BEGIN
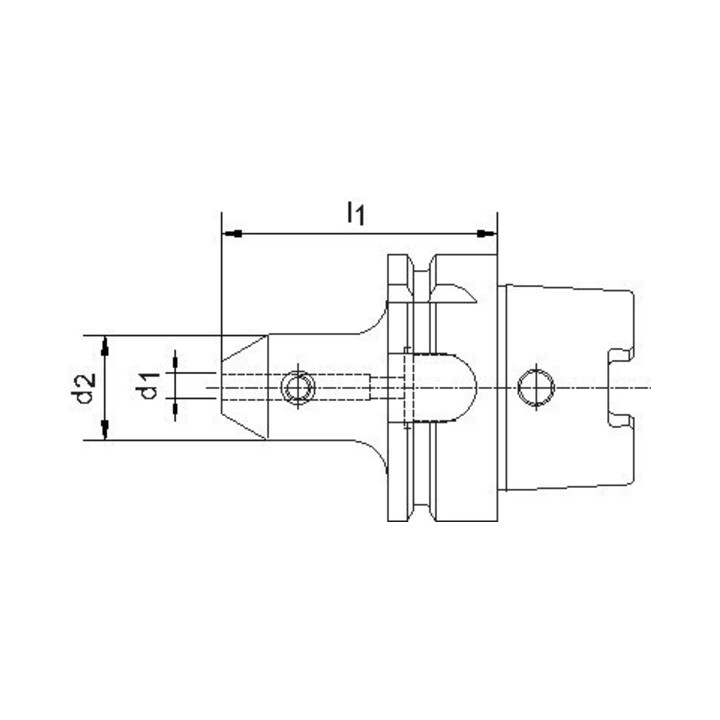 FORTIS Flächenspannfutter DIN69893A HSK-A63 16x120mm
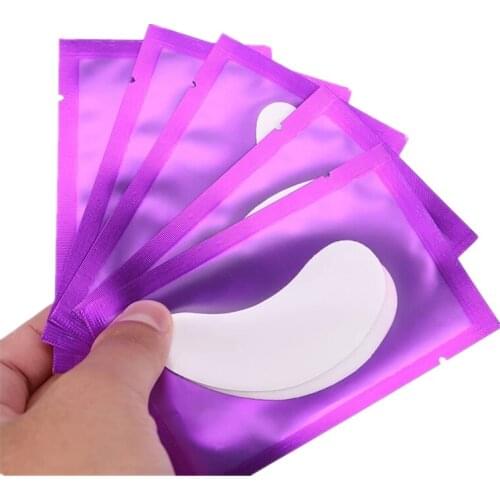 50 Pairs/Lots Paper Eye Patches for Eyelash Extension Grafting Eyelashes Lint Free Stickers Under-eye Pads Makeup Supplies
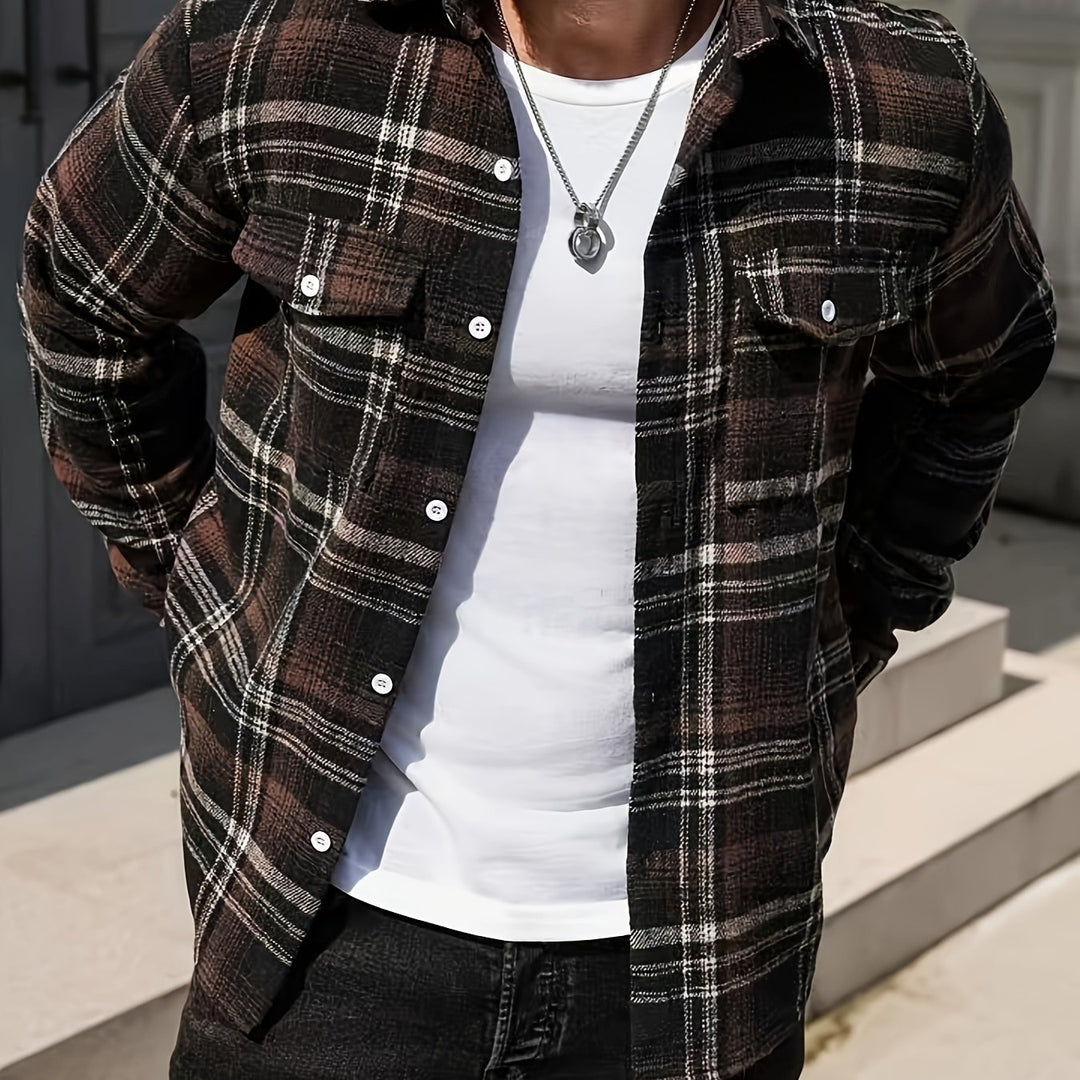 Men's Casual Plaid Shirtr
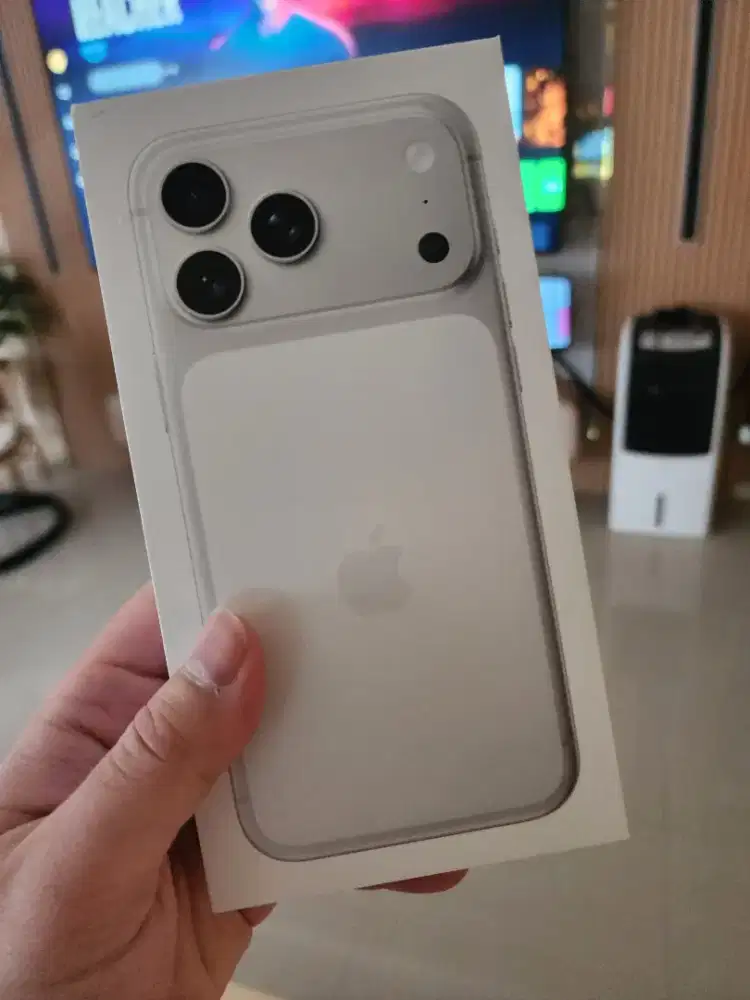 Iphone 17 Pro Max 256GB Silver Baru Resmi Ibox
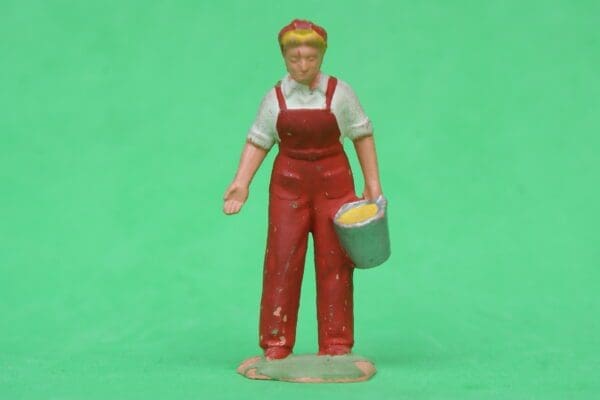 SOLD Britains Girl with Bucket - Lead Mould
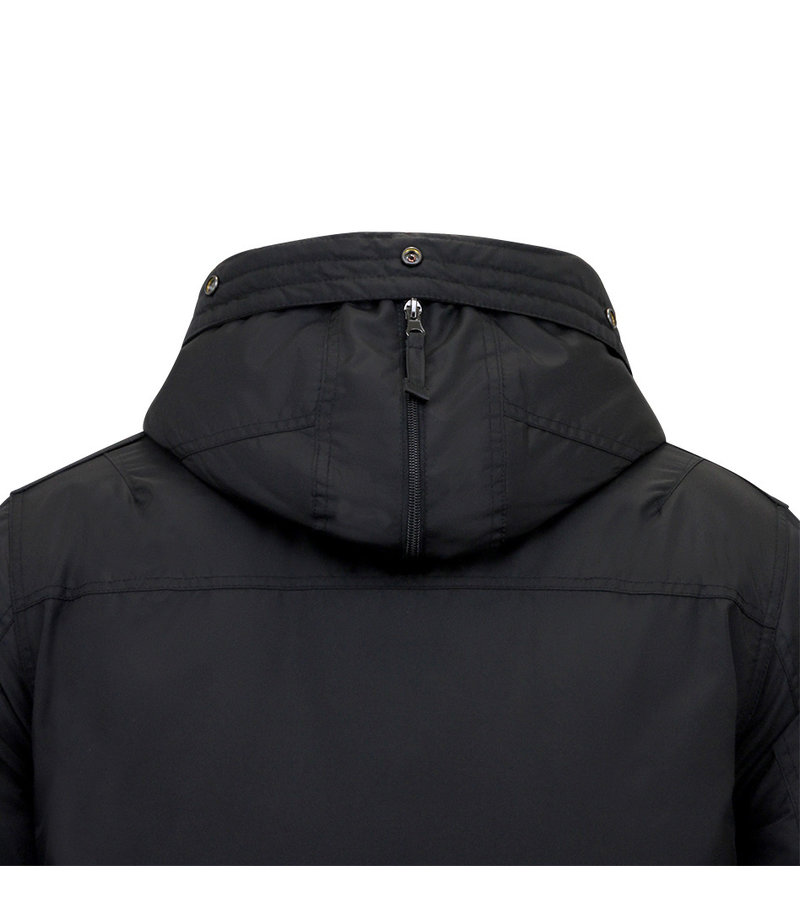 Just Key Short  Winter Jacket Men - 1771 - Black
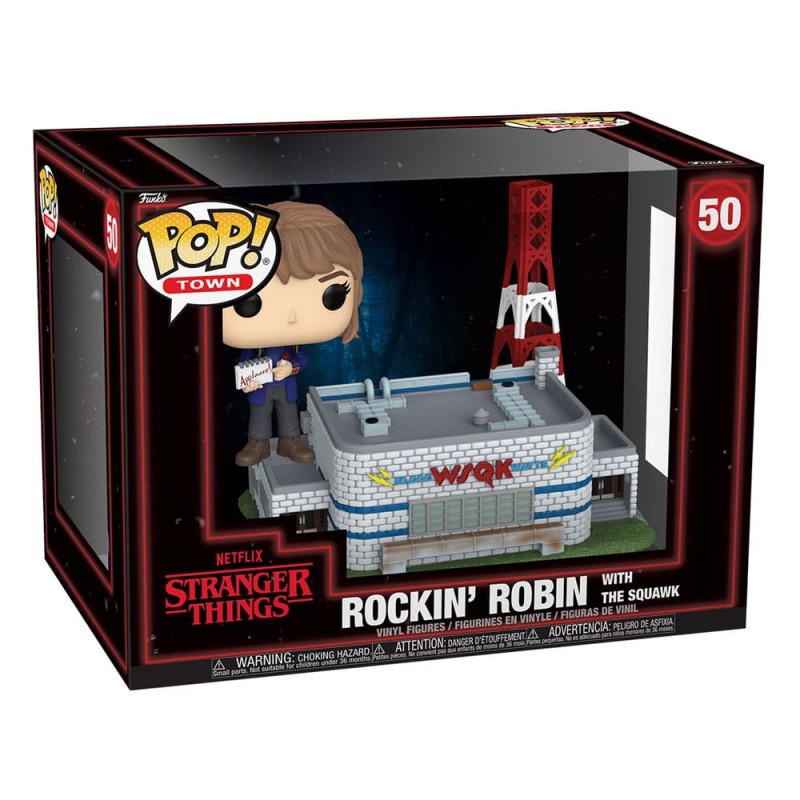 Stranger Things POP! Town Vinyl Figures Rockin' Robin with The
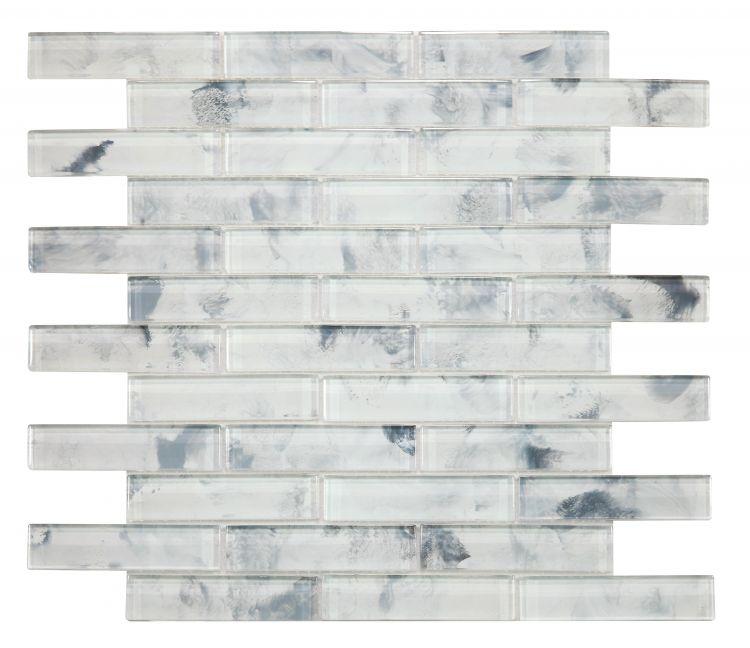 Watercolor Dawn 11.75 x 11.75 Glass Mosaic Tile
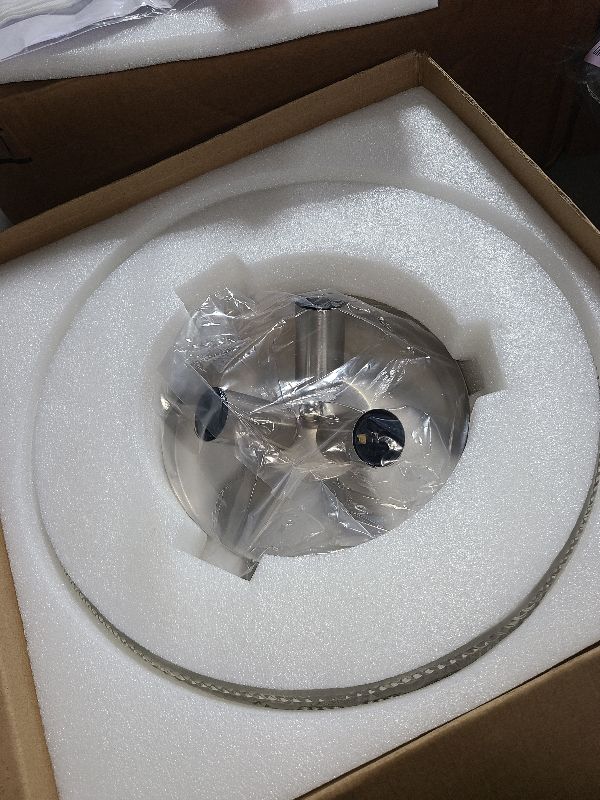 Photo 1 of Lamomo Semi Flush Mount Ceiling Light,Upgraded Larger Silver Hallway Light Fixture,3-Bulb Globe Glass Close to Ceiling Scone, Indoor Hanging Light for Bedroom Kitchen Porch Hallway,Bulbs Not Included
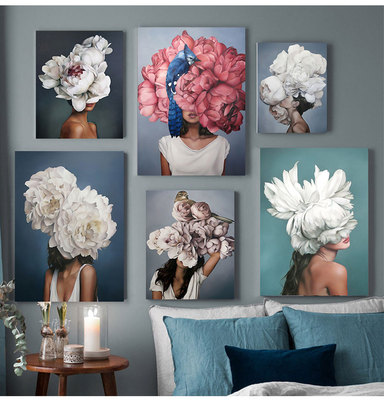 Decorative Painting Living Room Home Decoration Flowers Feat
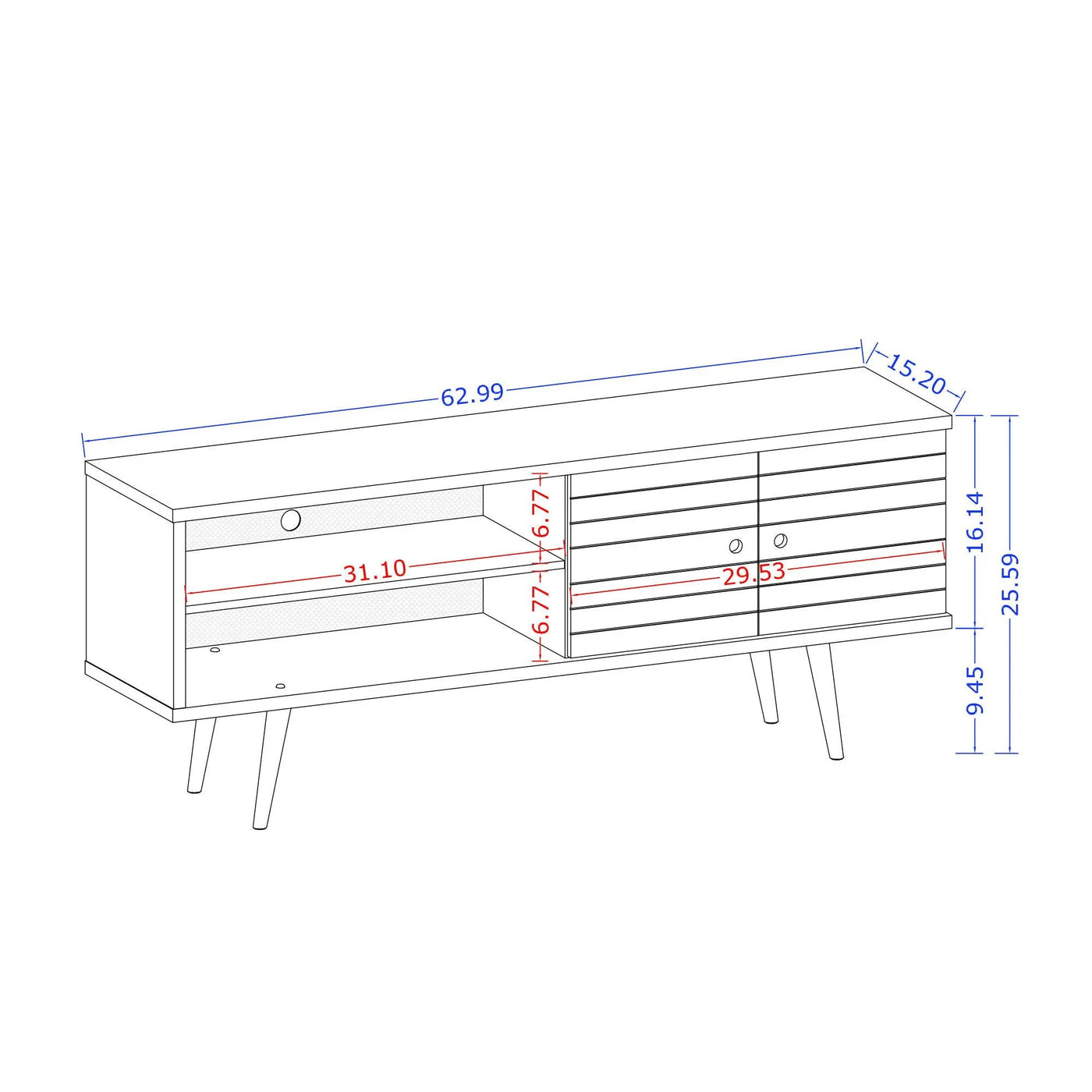Liberty - 63" TV Stand by HouseOfZazla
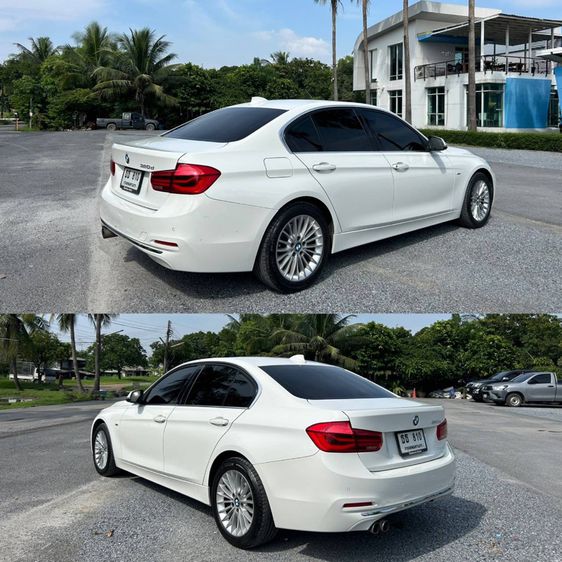 BMW Series 3 2015 320d Sedan ดีเซล เกียร์อัตโนมัติ ขาว รูปที่ 3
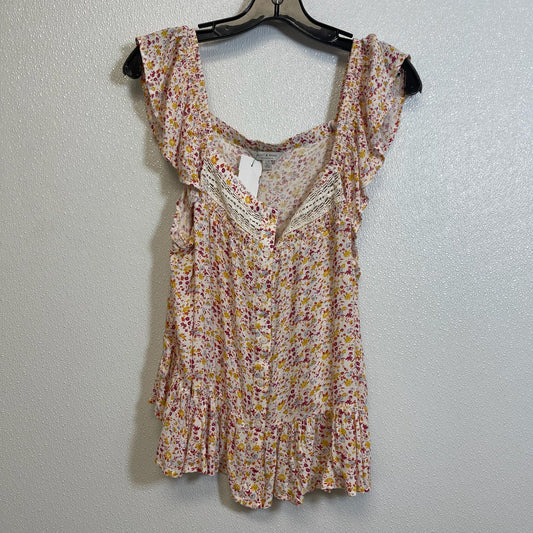 Floral Top Sleeveless Basic Lucky Brand O, Size L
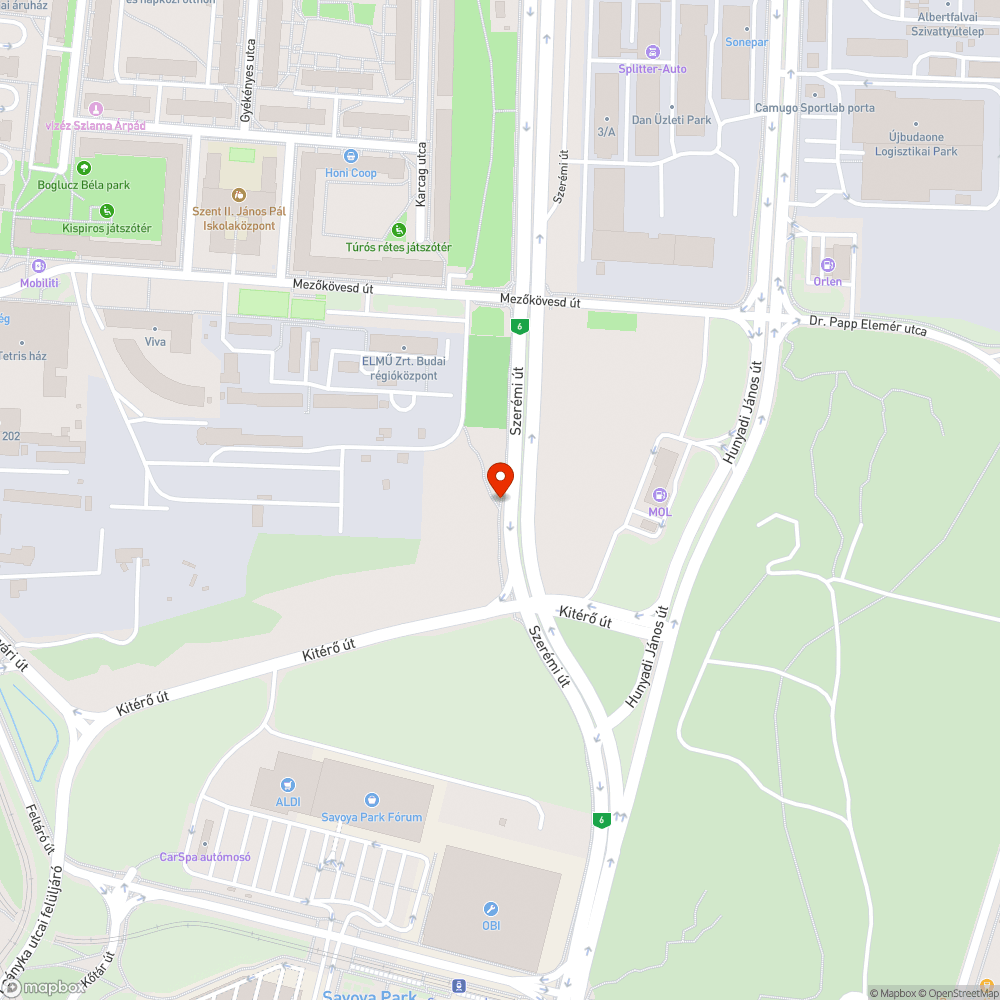 Befejezetlen útszakasz bejelentés helye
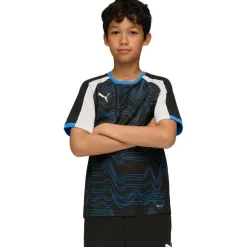 IndividualLIGA voetbalshirt junior black white ultra blue*Puma Sale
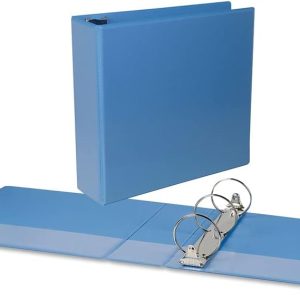 Unv Deluxe 3(O) Ring View Binder 3 Lt Bu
END
__TASK TO CARRY OUT__. An acceptable answer consists of the lines above from the one holding "SOLD Britains Girl with Bucket - Lead Mould" to the end of the data, repeated exactly and containing no pictures.

__RESPONSE BELOW__.
 SOLD Britains Girl with Bucket - Lead Mould
 Just Key Short  Winter Jacket Men - 1771 - Black
 Stranger Things POP! Town Vinyl Figures Rockin' Robin with The
 Watercolor Dawn 11.75 x 11.75 Glass Mosaic Tile
 Photo 1 of Lamomo Semi Flush Mount Ceiling Light,Upgraded Larger Silver Hallway Light Fixture,3-Bulb Globe Glass Close to Ceiling Scone, Indoor Hanging Light for Bedroom Kitchen Porch Hallway,Bulbs Not Included
 Decorative Painting Living Room Home Decoration Flowers Feat
Liberty - 63" TV Stand by HouseOfZazla
 BMW Series 3 2015 320d Sedan ดีเซล เกียร์อัตโนมัติ ขาว รูปที่ 3
 Floral Top Sleeveless Basic Lucky Brand O, Size L
 Befejezetlen útszakasz bejelentés helye
 IndividualLIGA voetbalshirt junior black white ultra blue*Puma Sale
 Unv Deluxe 3(O) Ring View Binder 3 Lt Bu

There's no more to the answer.